Despite the significant climate-change vulnerabilities facing parks, relatively few have site- or resource-specific CCVAs targeting their major management decisions (Peek et al. 2022, Michalak et al. 2021).
The Wrangell-St. Elias RSS considered a broad suite of priority resources and associated resource components—more than 50 in all—and conducted a (qualitative) CCVA for each. For each resource target, the SMEs drew on their knowledge and experience regarding the target’s sensitivities to identify the potential implications for that resource under each climate future. For some targets, like glacial rivers, the implications were similar in nature and direction under each climate future, but differed in magnitude of impact (Table 2). For others, like sockeye salmon, the uncertainty regarding potential impacts on freshwater rearing populations was so great as to mask potential differences between scenarios. For example, under each scenario, while rearing conditions are expected to improve, population variability is expected to increase (Runyon et al. in press). The park is reviewing these critical uncertainties to identify priority research and monitoring needs.

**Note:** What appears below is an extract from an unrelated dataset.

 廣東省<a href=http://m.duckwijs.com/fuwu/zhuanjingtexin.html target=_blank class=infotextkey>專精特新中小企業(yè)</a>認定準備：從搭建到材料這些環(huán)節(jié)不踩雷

The results provide an assessment of critical vulnerabilities for each resource target and help inform priorities for further scoping (Table 2, excerpts from Runyon et al. in press). While finer details of exposure and, perhaps, resource sensitivity, may differ from park to park, the RSS provides a broad foundation for use in CCVAs at other parks.
Climate Scenario 1 (warm, wet summers, more snow) |
Climate Scenario 2 (dry summers and falls, early snow melt) |
Climate Scenario 3 (hot summer, mild winter, rainy) |
|
---|---|---|---|
Hydrology—glacial rivers |
|
|
|
Riverine archeology | Sites degraded or destroyed due to more flooding causing direct erosion and flood-driven human land use changes. | Sites degraded or destroyed due to more landslides (post-wildfires), more erosion (from flooding), and wildfire-driven human land use changes. | Sites severely degraded or destroyed due to erosion from flooding and wildfires and flood-driven human land use changes. |
Coastal archeology | Reduced site integrity due to possible saltwater intrusion and likely flooding. Site inundation due to more coastal change. |
Reduced site integrity due to likely saltwater intrusion and flooding. Site inundation due to dramatic coastal change. | Reduced site integrity due to saltwater intrusion and flooding. Greatly increased site inundation due to dramatic coastal change. |
A key tenet of the NPS Climate Change Response Strategy Update (NPS in press) is that all employees have a role in incorporating climate change into their realm of park operations and planning. This requires a basic level of climate change literacy, which the NPS CCRP supports through the development of training plans, content delivery, outcomes evaluation, and coordination across bureaus in the Department of the Interior. Training is also available through the National Conservation Training Center and other sources. The Department of the Interior is currently coordinating workforce literacy curricula across bureaus (contact CCRP for details).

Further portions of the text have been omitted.